ニカラグア政府がラ・プレンサ紙を発行不能に追い込む

    ニカラグア警察は8月13日、首都マナグア市内の日刊紙ラ・プレンサ本社を家宅捜査し、フアン=ロレンソ・ホルマン社長を拘禁した。電源は切られ、電脳機器類は押収され、社員同士の連絡は困難になった。

   同紙は12日、税関で新聞用紙が差し押さえられたため13日以降、新聞発行は不可能になると表明していた。検察は同紙に「資金洗浄」、「税関詐欺」の容疑をかけ、13日の家宅捜査となった。

   だがオルテガ政権の狙いは、11月7日の大統領選挙に備え、政府批判の中心的存在であるラ・プレンサを黙らせること。

   今年5月以来、当局による政敵弾圧が続いており、これまでに大統領選挙出馬希望者7人をはじめ32人が逮捕拘禁された。ホルマンは33人目となる。

   ラ・プレンサは、この国で最も長い歴史を誇る最大の新聞。ソモサ独裁期には反独裁の論陣を張り、1978年、ペドロ=ホアキン・チャモーロ社主がソモサ派に暗殺された。

   この事件を契機に国民が反独裁で団結、ゲリラ組織FSLN(サンディニスタ民族解放戦線)を前衛とするニカラグア革命が79年7月勝利し、FSLN主体の政権が発足した。だがレーガン米政権が81年から革命体制破壊のため反革命軍コントラを送り込み、80年代は内戦に明け暮れた。

   チャモーロ社主の妻ビオレタは1990年の大統領選挙に出馬。日米両国の強力な支援を得て勝利し、85年に就任したダニエル・オルテガ大統領のサンディ二スタ政権は潰えた。

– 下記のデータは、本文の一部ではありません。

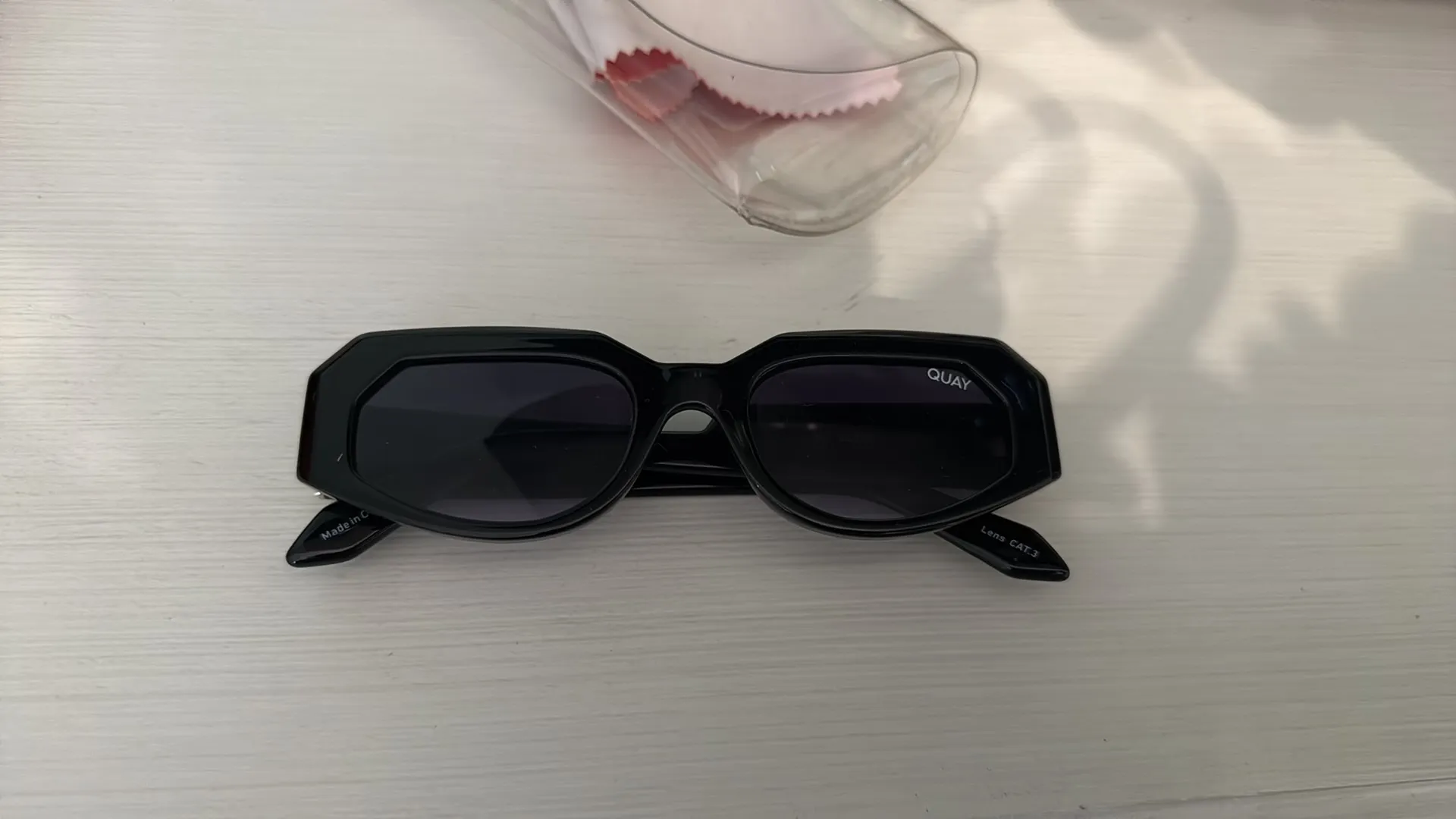 Quay black sunglasses  - Image 2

    3代の新自由主義政権を経た2006年、オルテガが当選。07年1月、オルテガ派FSLN 政権が復活し、これまで連続3期続いてきた。オルテガは11月選挙で連続4選、通算5期目を目指す。オルテガの妻で詩人のロサリオ・ムリージョは現在、副大統領1期目にある。

   オルテガ政権はニカラグアの太平洋岸とカリブ海側を結ぶ両洋間「大運河」建設を試みたが、技術的困難や資金不足から挫折。18年4月からは反政府街頭行動に遭ってきた。

   トランプ前米政権は反政府行動を支援、これはバイデン政権に引き継がれている。

▼作家セルヒオ・ラミレスに逮捕状

   1979~90年にサンディニスタ政権に参加し、80年半ばからダニエル・オルテガ大統領の下で副大統領を務めたが、サンディニスタ下野後の95年サンディニスタ刷新運動(MRS)を結成しオルテガと袂を分かった作家セルヒオ・ラミレス(79)に9月9日、逮捕状が出された。容疑は「資金洗浄、国民団結破壊、挑発」など。11月の大統領選挙前の反対派弾圧の一環。

   ラミレスは9月10日、亡命先のコスタ・リカのウニベルサル紙に、「グアテマラにはキューバよりも自由がある。ハイチはニカラグアよりも、ホンジュラスはベネズエラよりも自由だ」と語っている。逮捕状の執行は難しい。

   代表作は「天罰」、「海がきれいだよ、マルガリータ」など。ロムロ・ガジェゴス賞(VEN)、カルロス・フエンテス賞(メキシコ)、セルバンテス賞(スペイン) などを受容してきた。